Marsella has been releasing music since 1994 on his label, the Pumpkin Pie Corp., but it's only recently that his sound has started to become more refined.
"The six - or seven, I can't remember - releases that I did before were just me naked in my parents' basement, on my own, so I would be playing all the instruments. So it was very un-listenable," Marsella said.
Since then, he has recently completed a master's degree in music at the University of Toronto, which culminated in the release of We Need a New F-Word this year, the first proper full-length album from The Lollipop People, produced by former Blue Rodeo member Bob Wiseman.
Despite the success of The Lollipop People, Marsella's website states his main areas of study as "musical construction and parade pedagogy." The latter refers to the Parade of Noises that Marsella has organized for the last four years in which several hundred elementary school students march in a parade while playing instruments they made themselves. Marsella believes that this helps to creatively engage children in music without the experience being limited to strict musical theory.
"The thing I do in the schools is not teaching kids the recorder; it's breaking your recorder in half or lighting it on fire - that's how we approach it.
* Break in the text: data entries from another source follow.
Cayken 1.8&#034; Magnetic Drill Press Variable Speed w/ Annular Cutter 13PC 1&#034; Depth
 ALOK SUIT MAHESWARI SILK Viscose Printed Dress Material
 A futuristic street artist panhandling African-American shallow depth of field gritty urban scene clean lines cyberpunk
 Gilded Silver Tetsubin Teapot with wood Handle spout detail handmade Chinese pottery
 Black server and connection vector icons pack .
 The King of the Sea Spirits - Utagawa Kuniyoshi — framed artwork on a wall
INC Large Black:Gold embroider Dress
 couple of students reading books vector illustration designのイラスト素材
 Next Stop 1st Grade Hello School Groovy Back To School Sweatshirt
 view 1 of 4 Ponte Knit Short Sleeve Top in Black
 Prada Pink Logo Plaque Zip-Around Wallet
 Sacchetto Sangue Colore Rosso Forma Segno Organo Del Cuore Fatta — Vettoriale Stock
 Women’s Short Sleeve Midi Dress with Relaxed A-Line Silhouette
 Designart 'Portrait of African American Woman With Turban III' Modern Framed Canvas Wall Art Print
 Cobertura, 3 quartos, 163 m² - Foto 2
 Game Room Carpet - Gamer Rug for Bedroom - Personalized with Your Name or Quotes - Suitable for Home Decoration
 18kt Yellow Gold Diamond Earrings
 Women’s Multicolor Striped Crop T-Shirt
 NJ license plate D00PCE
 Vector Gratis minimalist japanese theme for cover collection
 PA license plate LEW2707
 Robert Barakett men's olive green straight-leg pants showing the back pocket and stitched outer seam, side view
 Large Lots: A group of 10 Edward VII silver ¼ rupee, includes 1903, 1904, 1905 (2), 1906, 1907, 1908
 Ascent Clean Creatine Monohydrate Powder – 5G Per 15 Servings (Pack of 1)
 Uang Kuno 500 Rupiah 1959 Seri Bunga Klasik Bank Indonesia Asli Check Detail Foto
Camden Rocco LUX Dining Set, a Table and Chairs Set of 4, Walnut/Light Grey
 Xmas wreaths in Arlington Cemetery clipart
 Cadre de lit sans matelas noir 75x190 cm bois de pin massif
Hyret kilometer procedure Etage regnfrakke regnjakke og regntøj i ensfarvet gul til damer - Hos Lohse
So it's rebellion; it's kind of teaching the benefits of anarchy to people."
On top of all this, Marsella curates the Brampton Indie Arts Festival, an event that he created in 2000 and has featured acts as diverse as The Most Serene Republic. The festival is the brainchild of former York University student Istvan Kantor and showcases experimental films and art exhibits.
"It's making a four-day composition, putting one interesting act behind another, behind another. We try to make it really different, like there will be an experimental film, followed by a weird dance piece, and we try to make it multidisciplinary," Marsella explained.
This works in tandem with his career as a musical educator, which makes his friendly alter ego seem a bit of a double life.
"It's been a challenge career-wise because I do a lot of work in the schools, and I don't necessarily want my work with The Lollipop People to be compromised. We want to be able to have naked 70-year-olds go on stage and inflate their balls. But at the same time, if a parent of a grade four (child) that I work with sees that, then you're in doo-doo." The naked old man mentioned is Naked Marvin, one of the many recurring acts that makes The Friendly Rich Show such a disturbingly fun time.
The Lollipop People just released their latest batch of musical misanthropy and had their celebratory show at the Music Gallery on Oct. 28. From there, they will be performing every Saturday at the Cameron House (408 Queen St. W.) as a preview for the next album, set to be recorded in December.
"The last recording I did, we had performed the material a bunch of times live, and I loved the outcome of what happened after you work with something in front of people and allow the musicians time to experiment with it."